O Rock se sofisticou e se diversificou. Mas uma coisa é certa: toda vez que ameaçou paralisar e estagnar, alguém chutou a porta e movimentou as coisas. E isso porque a inquietude, a iconoclastia e a flexibilidade de adaptação estão no DNA do estilo, herdado lá dos botecos e inferninhos dos anos 1940, das favelas urbanas e rurais dos EUA, tão diferentes e ao mesmo tempo tão parecidas com muitas aqui do Brasil e do mundo. E aqui ainda temos algo que os “modernos”de 1922 chamaram de “antropofagia”, que nos permite fagocitar tudo que nos interesse. O que não mata engorda, diz o ditado pop. Então porquê temer e torcer o nariz para o Funk? Só porque alguns deles talvez não saibam quem foi James Brown e o que significa groove ou soul? E daí que alguns desses caras não saibam tocar um instrumento ou não tenham noção de tom e tempo? Só o John Lydon podia desafinar? E toda a energia transbordante, todo o Do It Yourself quase punk que essa galera tem, essa vontade de botar o baile pra ferver, colocar a casa a baixo? Não tem valor nenhum? Não gosta das letras, amigo? Pensa numa melhor, faça a sua versão, sabidão! Pegue a proposta sonora e a transforme em outra coisa. As possibilidades estão em aberto.

Quando Dylan plugou sua guitarra, em 1965, os roqueiros olharam desconfiados, mas acabaram aceitando aquela nova forma de fazer som, aquela maneira diferente, mais cabeça de dizer as coisas que estavam sentindo, usando a linguagem que conheciam, a da guitarra elétrica. O pessoal do Folk foi quem torceu mais o nariz, boicotaram shows, vaiaram, crucificaram o Dylam e o chamaram de “traidor do movimento”. Mas no final daquela década, caras como Willie Nelson e Pete Seeger, ao verem sua própria base de fãs crescer, com jovens que, talvez, se não tivesse ouvido o Dylan “plugado”primeiro nunca tivessem chegado ao Folk, deram o braço a torcer. Perceberam a força que aquelas músicas concebidas para serem tocadas ao violão adquiriam com o peso de uma banda de Rock e muitos adotaram formações roqueiras em suas próprias bandas. O Folk sobreviveu e está integrado na cultura Pop até hoje.
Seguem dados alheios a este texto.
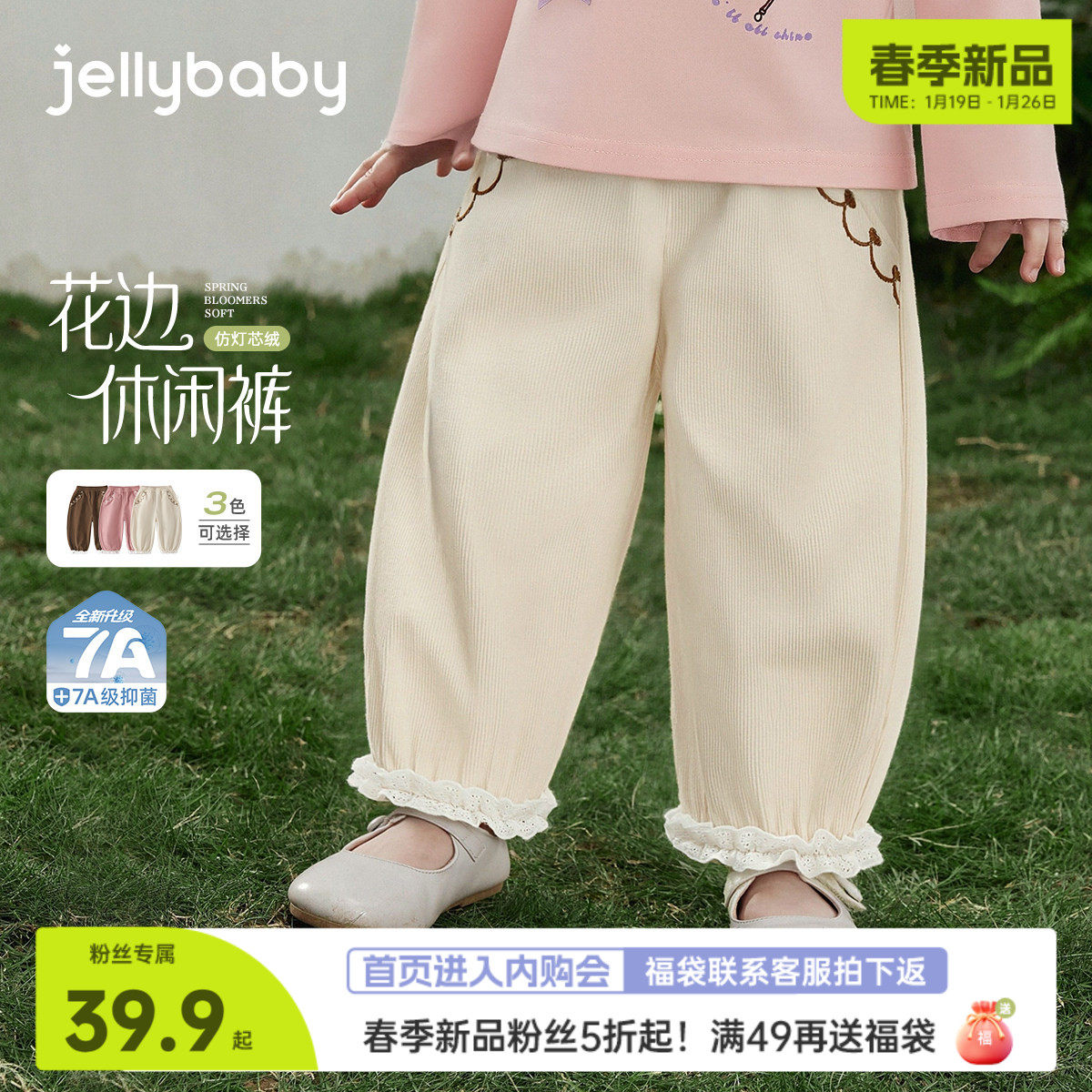 [春季新品]女童裤子春季女宝宝灯芯绒长裤洋气时髦春款儿童休闲裤,童装/婴儿装/亲子装,裤子,淘宝优惠券,粉丝福利购,淘宝优惠卷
Tudo porque se obrigou a deixar o preconceito de lado e aceitar o parentesco com o Rock, que era considerado superficial e tosco, o primo pobre da música popular. O Rock, por sua vez, se beneficiou amadurecendo e deixando de ser bobinho, ganhou respeito.
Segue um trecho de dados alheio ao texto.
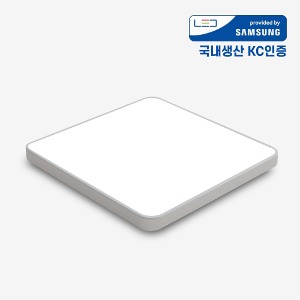 시력보호등, 팬던트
Muitos estão pensando: “esse cara está propondo que o Rock se agarre ao funk para se salvar?” E já vejo pedras sendo juntadas do chão para serem atiradas. Calma. Não sou tão crédulo. Duvido que surja um Dylan no Rock Brasileiro que traga o Funk para o respeito dos intelectuais e o Rock para desfrute da favela. Não existem messias no mundo real e Dylan não foi um, por mais que tentassem fazer crer. Além disso, um messias intelectualizado aqui não caberia no contexto de um baile funk. Prefiro o Edu K cantando “vai popozuda”com uma chupeta de plástico na boca. E acho que faria muito bem para arejar certas cabeças reconhecer que o Funk é, sim, o primo pobre do velho Rock`n`roll no Brasil. E admitir que as festinhas no barraco desse primo andam bem mais divertidas e movimentadas do que a junção de velhos ranzinzas lá em casa."